The extra condition is familiar from thinking about bending beams (see section 3.2.1). For a string, anchored at the ends, there are two standard choices: a pinned boundary has no bending moment at the end, so that it allows a non-zero slope $\partial w/\partial x$ at the end, and so the final term in Eq. (6) can contribute. On the other hand, a clamped boundary imposes a condition of zero rotation, so that this slope is zero and the final term in Eq. (6) is also zero. The termination of a real string will probably be somewhere in between these two textbook cases, depending on small details of how the instrument maker has adjusted the bridge/string interaction at the termination.

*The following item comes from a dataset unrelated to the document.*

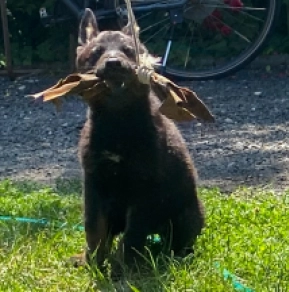 Perros Pastor Alemán en venta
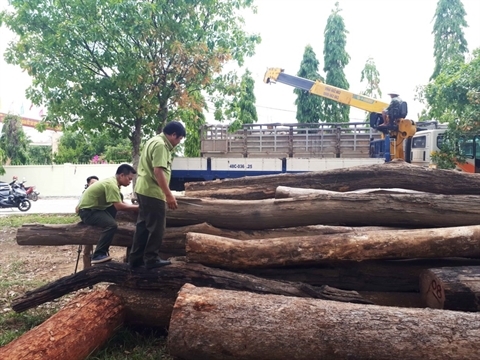 Cơ quan chức năng đang kiểm đếm một phần tang vật liên quan đến vụ án của Phượng "râu"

The two cases produce different patterns of phantom partials. Comparison with measurements on both the piano and the harp gives a strong suggestion that the real boundary condition is closer to clamped than pinned. This has an audible consequence for the sound of both instruments. Some sound examples for the harp are included in Section 7.4.